Supplied material:

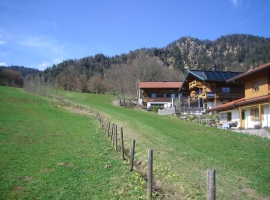 Blick von Süden. Unser Haus ist das oberste.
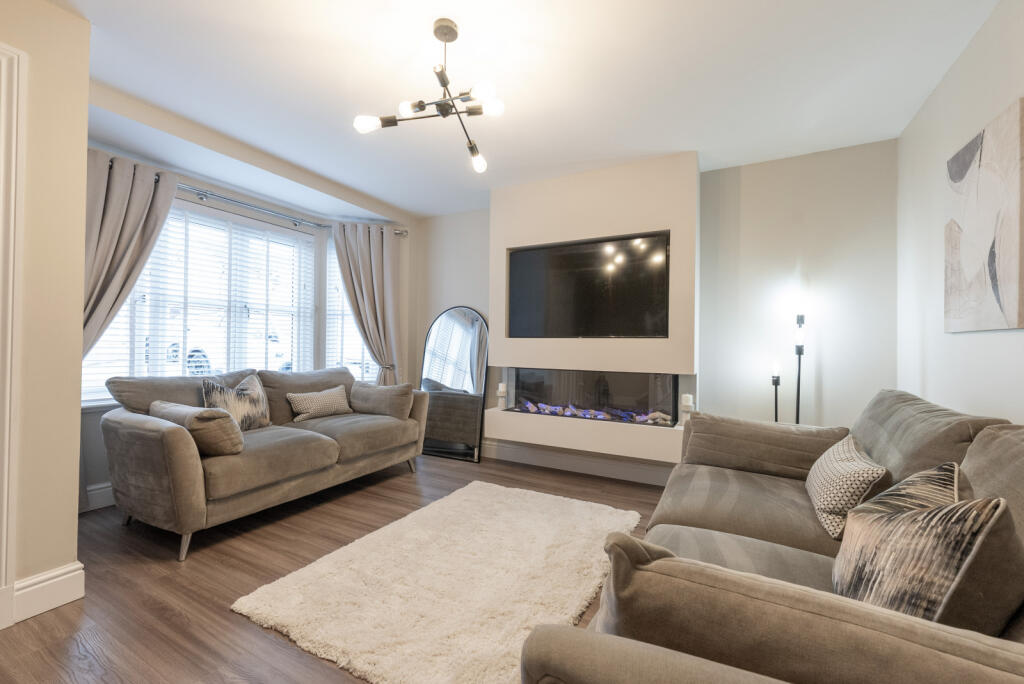 Lochranza Crescent, Airdrie, ML6 photo 2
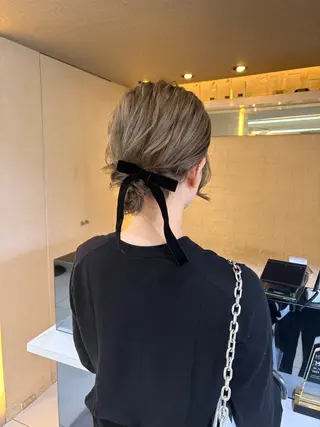 ヘアアレンジ ヘアセット／眉毛カッ ト/Nana〻のヘアスタイル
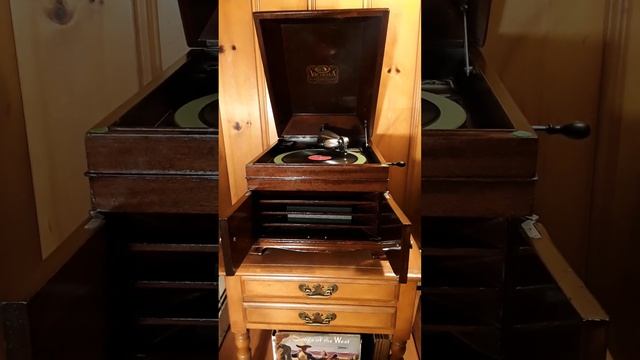 Rhumba With Cugat. Negra Leono. Guaracha (Rumba) Vocal Chorus by Miguelito Valdes -A. Fernandez- смотреть онлайн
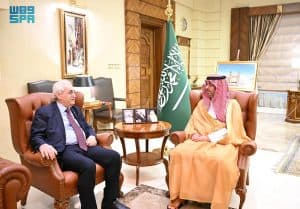 ناقشا الموضوعات ذات الاهتمام المشترك.. محافظ جدة يستقبل القنصل العام لدولة فلسطين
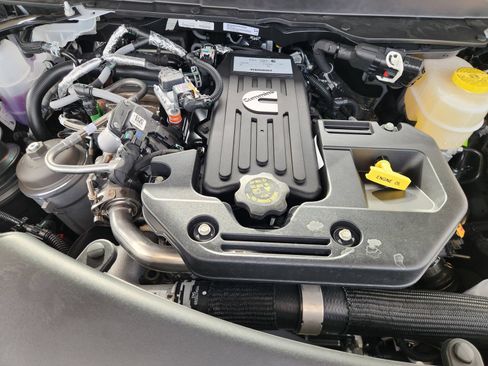 New 2026 RAM 3500 Tradesman AWD/4WD image 23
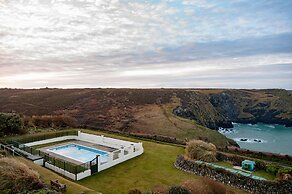 Mullion Cove Hotel & Spa
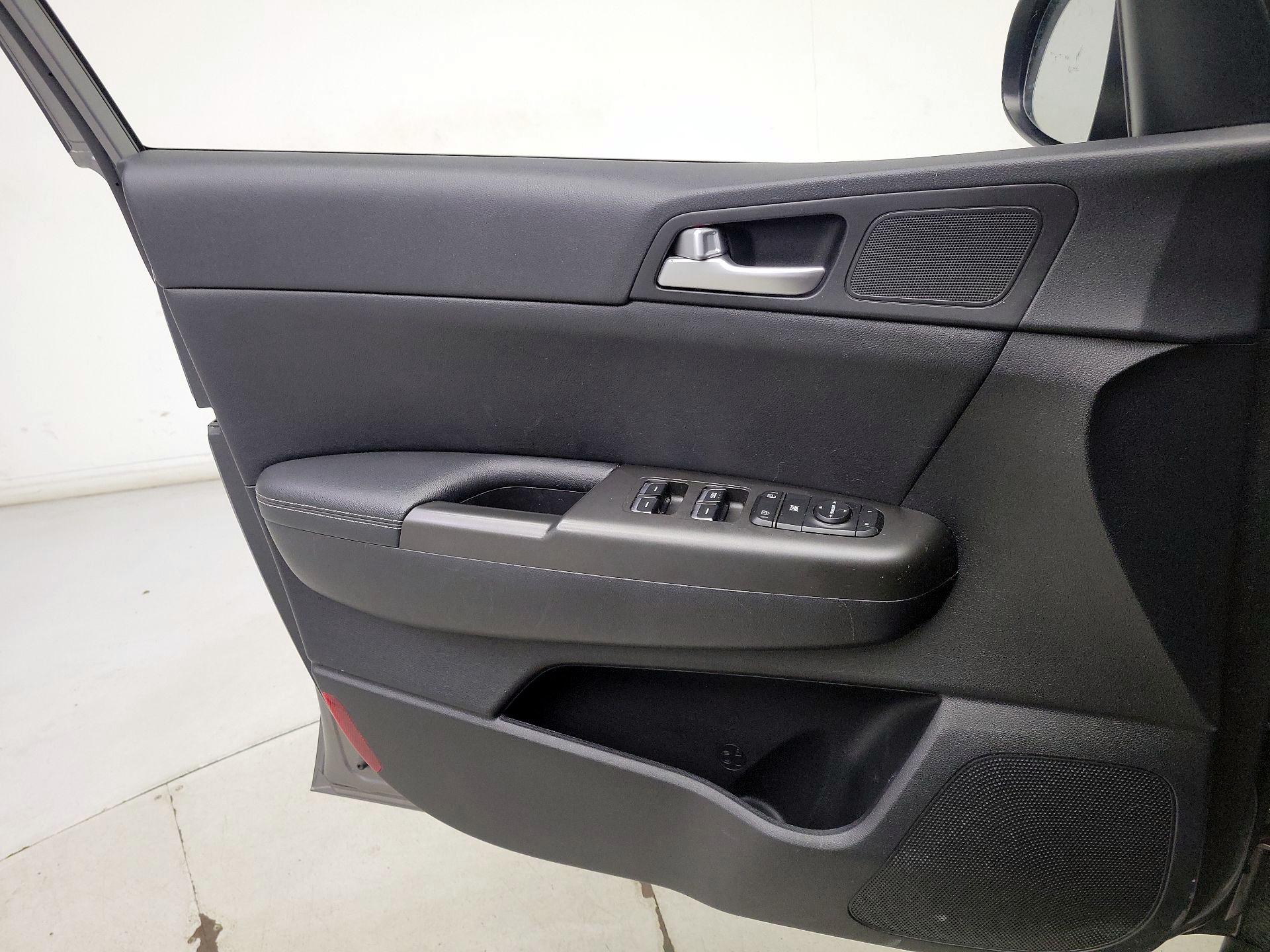 Thumbnail: 2017 Kia Sportage - 12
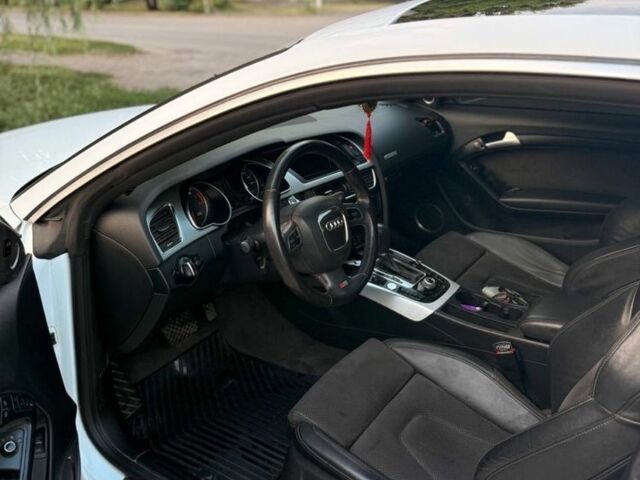 Белый Ауди А5, объемом двигателя 2 л и пробегом 140 тыс. км за 9500 $, фото 1 на Automoto.ua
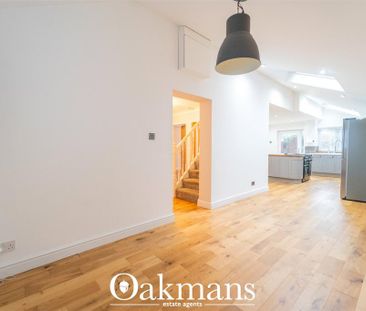 4 bedroom semi-detached house to rent - Photo 3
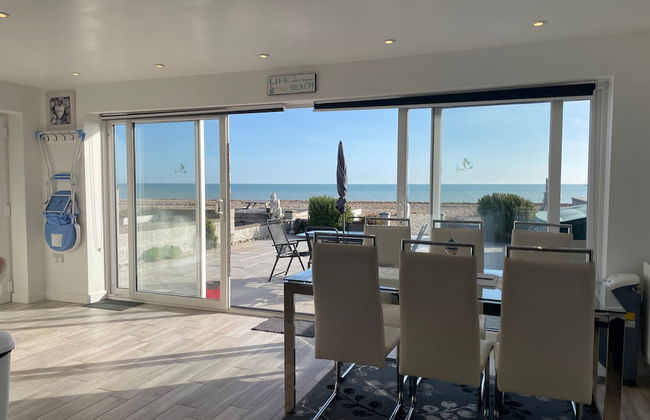 Contemporary Beachfront Bungalow With Direct Access to the Sea - Foto 16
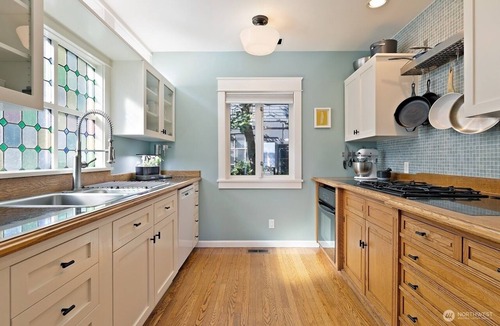 Bryn Mawr-Skyway House | Luxe Waterfront Estate Annex Hot Tub MAJOR INTERNATIONAL SPORTING EVENT Ready
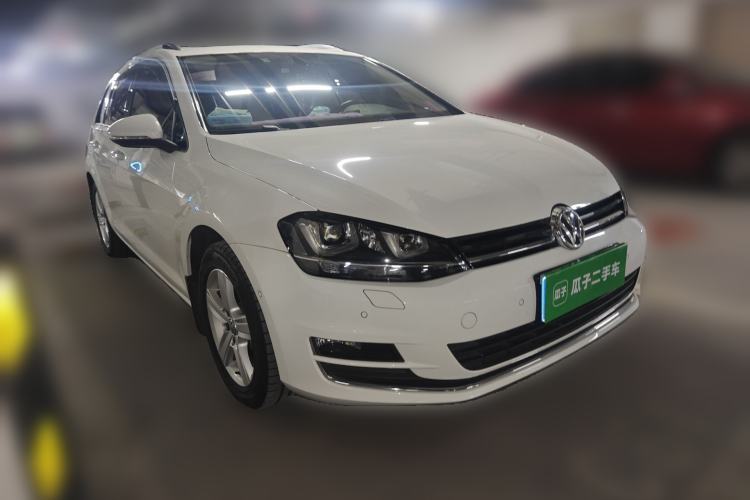 Used Volkswagen Golf 2014 1.4TSI Luxury Travel Edition Front Right 45 Deg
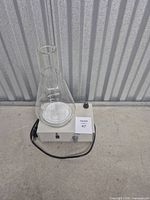 Magnetic stirrer with flask, overview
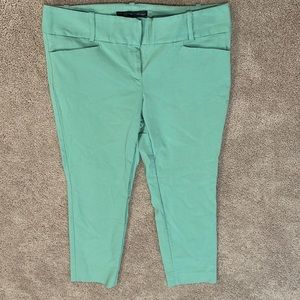 The Limited Ideal Stretch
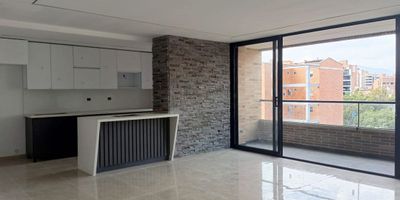 Apartamento exterior en venta cerca a restaurantes, supermercados, parques, vias principales, rutas de transporte publico y servicios complementarios. Piso en porcelanato, sala comedor, 3 alcobas con baño en la principal, cocina integral abierta tipo americano, balcon, y parqueadero independiente cubierto. Edificio con ascensor, y citofonia.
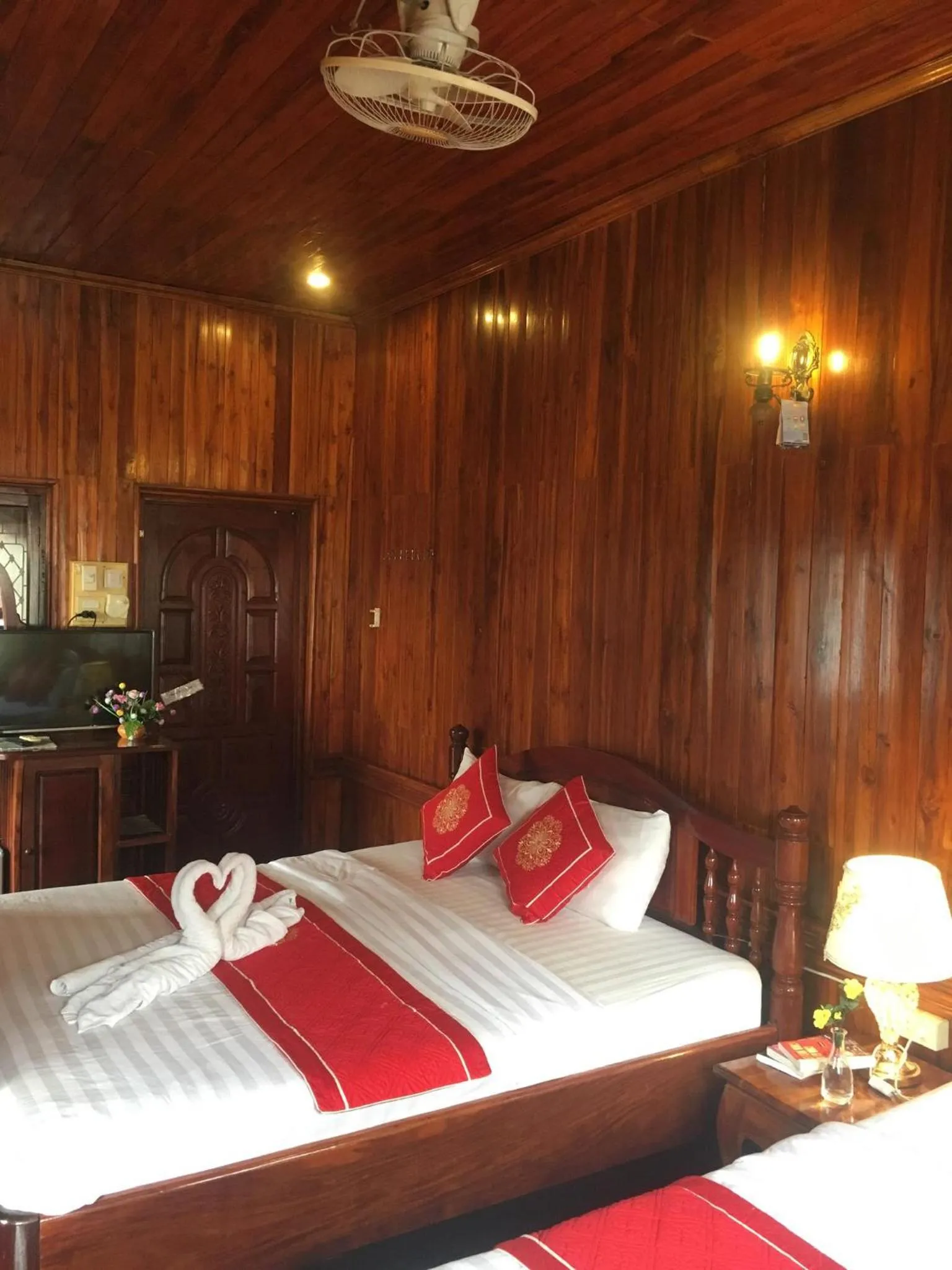 Bed in Soutikone Place House 2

Work request: Would you please print the entries once more, word for word, minus the pictures?

Solution to this exercise:
 Blick von Süden. Unser Haus ist das oberste.
 Lochranza Crescent, Airdrie, ML6 photo 2
 ヘアアレンジ ヘアセット／眉毛カッ ト/Nana〻のヘアスタイル
 Rhumba With Cugat. Negra Leono. Guaracha (Rumba) Vocal Chorus by Miguelito Valdes -A. Fernandez- смотреть онлайн
 ناقشا الموضوعات ذات الاهتمام المشترك.. محافظ جدة يستقبل القنصل العام لدولة فلسطين
 New 2026 RAM 3500 Tradesman AWD/4WD image 23
 Mullion Cove Hotel & Spa
 Thumbnail: 2017 Kia Sportage - 12
 Белый Ауди А5, объемом двигателя 2 л и пробегом 140 тыс. км за 9500 $, фото 1 на Automoto.ua
 4 bedroom semi-detached house to rent - Photo 3
 Contemporary Beachfront Bungalow With Direct Access to the Sea - Foto 16
 Bryn Mawr-Skyway House | Luxe Waterfront Estate Annex Hot Tub MAJOR INTERNATIONAL SPORTING EVENT Ready
 Used Volkswagen Golf 2014 1.4TSI Luxury Travel Edition Front Right 45 Deg
 Magnetic stirrer with flask, overview
 The Limited Ideal Stretch
 Apartamento exterior en venta cerca a restaurantes, supermercados, parques, vias principales, rutas de transporte publico y servicios complementarios. Piso en porcelanato, sala comedor, 3 alcobas con baño en la principal, cocina integral abierta tipo americano, balcon, y parqueadero independiente cubierto. Edificio con ascensor, y citofonia.
 Bed in Soutikone Place House 2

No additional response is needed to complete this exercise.